> WORK INSTRUCTIONS
Beginning with the first line and ending with the one containing "ГДЗ к 65 странице", copy the lines of the listing below exactly; omit everything else.

> PROVIDED RECORDS
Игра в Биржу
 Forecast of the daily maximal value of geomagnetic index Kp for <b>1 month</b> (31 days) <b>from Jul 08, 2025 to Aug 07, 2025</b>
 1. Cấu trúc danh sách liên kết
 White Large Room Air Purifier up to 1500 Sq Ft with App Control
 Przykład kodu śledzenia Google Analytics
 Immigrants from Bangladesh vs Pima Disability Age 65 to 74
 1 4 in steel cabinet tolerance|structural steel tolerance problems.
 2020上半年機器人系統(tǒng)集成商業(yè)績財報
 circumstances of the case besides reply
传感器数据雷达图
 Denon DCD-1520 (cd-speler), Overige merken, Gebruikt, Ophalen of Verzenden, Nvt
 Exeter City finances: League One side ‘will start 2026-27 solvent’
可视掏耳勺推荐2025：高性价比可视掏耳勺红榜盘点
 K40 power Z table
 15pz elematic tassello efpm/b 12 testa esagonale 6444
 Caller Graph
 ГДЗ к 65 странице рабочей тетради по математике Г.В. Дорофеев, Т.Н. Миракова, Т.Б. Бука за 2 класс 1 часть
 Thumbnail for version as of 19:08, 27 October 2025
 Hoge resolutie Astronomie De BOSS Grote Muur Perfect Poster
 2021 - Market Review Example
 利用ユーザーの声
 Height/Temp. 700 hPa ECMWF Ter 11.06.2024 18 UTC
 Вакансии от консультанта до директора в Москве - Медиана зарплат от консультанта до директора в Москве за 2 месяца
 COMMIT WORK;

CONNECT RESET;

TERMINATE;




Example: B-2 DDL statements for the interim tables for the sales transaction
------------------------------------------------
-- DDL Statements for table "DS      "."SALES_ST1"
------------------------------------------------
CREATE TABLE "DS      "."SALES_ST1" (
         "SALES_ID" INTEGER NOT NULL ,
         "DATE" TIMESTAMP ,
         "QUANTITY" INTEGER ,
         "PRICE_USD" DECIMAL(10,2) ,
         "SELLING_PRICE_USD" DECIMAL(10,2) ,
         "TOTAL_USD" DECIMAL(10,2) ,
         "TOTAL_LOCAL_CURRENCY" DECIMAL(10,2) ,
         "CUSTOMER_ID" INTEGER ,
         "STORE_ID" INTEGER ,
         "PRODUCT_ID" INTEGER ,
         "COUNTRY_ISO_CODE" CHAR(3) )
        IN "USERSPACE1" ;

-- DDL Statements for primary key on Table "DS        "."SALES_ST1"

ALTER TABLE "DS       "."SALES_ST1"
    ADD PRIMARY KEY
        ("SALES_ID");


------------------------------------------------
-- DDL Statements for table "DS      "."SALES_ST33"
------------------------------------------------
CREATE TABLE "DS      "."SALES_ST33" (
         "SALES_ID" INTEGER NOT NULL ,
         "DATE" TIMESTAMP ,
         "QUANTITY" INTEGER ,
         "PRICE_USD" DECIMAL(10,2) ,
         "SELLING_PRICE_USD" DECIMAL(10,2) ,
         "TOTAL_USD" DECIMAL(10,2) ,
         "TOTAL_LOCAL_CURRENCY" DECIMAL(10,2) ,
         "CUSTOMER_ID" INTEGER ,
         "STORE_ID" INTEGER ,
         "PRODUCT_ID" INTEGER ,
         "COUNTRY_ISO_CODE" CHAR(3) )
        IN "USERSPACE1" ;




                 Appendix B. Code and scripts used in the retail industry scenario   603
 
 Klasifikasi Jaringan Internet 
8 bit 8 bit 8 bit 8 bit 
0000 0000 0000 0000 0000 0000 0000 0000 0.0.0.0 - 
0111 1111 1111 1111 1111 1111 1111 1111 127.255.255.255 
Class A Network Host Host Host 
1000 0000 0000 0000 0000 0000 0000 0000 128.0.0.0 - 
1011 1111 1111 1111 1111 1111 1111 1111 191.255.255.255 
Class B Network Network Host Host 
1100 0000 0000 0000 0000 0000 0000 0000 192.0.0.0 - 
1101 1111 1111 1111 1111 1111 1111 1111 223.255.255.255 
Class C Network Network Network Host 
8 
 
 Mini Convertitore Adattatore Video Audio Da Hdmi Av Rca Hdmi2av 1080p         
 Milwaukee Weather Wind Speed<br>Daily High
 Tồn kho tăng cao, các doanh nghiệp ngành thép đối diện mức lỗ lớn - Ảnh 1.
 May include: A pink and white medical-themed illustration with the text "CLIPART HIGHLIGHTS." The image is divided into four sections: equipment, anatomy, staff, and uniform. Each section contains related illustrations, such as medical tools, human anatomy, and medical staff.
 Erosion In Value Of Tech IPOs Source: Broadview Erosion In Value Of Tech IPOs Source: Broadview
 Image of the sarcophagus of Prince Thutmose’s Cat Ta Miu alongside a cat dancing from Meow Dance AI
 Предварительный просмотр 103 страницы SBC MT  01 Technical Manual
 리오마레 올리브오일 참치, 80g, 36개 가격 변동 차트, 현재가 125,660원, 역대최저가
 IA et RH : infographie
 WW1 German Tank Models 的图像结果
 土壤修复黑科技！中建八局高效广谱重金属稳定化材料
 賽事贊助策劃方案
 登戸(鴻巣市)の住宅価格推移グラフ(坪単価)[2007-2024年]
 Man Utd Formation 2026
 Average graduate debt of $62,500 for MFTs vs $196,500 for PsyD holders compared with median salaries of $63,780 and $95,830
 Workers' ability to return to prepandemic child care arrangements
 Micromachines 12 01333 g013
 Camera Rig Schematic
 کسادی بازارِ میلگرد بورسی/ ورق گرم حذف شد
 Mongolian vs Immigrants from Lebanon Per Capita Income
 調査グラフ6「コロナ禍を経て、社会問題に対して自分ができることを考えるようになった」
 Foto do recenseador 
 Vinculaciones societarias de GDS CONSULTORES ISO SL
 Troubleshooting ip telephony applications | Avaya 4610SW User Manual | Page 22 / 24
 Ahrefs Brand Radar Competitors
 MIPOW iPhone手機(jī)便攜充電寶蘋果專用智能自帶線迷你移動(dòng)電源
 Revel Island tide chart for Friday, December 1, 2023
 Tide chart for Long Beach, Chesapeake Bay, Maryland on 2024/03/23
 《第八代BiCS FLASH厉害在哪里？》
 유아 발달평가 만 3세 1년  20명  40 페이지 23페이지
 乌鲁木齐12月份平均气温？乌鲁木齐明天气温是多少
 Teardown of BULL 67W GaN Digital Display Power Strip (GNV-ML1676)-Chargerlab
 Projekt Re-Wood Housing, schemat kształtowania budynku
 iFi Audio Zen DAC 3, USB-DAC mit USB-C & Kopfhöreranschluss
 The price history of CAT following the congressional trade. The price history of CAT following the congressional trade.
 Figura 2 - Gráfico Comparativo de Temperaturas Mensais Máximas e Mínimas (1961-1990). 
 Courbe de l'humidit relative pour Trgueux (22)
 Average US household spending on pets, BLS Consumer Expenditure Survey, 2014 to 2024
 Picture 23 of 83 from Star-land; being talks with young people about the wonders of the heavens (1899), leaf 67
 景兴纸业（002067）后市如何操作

> RESULT OF THIS EXERCISE
Игра в Биржу
 Forecast of the daily maximal value of geomagnetic index Kp for <b>1 month</b> (31 days) <b>from Jul 08, 2025 to Aug 07, 2025</b>
 1. Cấu trúc danh sách liên kết
 White Large Room Air Purifier up to 1500 Sq Ft with App Control
 Przykład kodu śledzenia Google Analytics
 Immigrants from Bangladesh vs Pima Disability Age 65 to 74
 1 4 in steel cabinet tolerance|structural steel tolerance problems.
 2020上半年機器人系統(tǒng)集成商業(yè)績財報
 circumstances of the case besides reply
传感器数据雷达图
 Denon DCD-1520 (cd-speler), Overige merken, Gebruikt, Ophalen of Verzenden, Nvt
 Exeter City finances: League One side ‘will start 2026-27 solvent’
可视掏耳勺推荐2025：高性价比可视掏耳勺红榜盘点
 K40 power Z table
 15pz elematic tassello efpm/b 12 testa esagonale 6444
 Caller Graph
 ГДЗ к 65 странице рабочей тетради по математике Г.В. Дорофеев, Т.Н. Миракова, Т.Б. Бука за 2 класс 1 часть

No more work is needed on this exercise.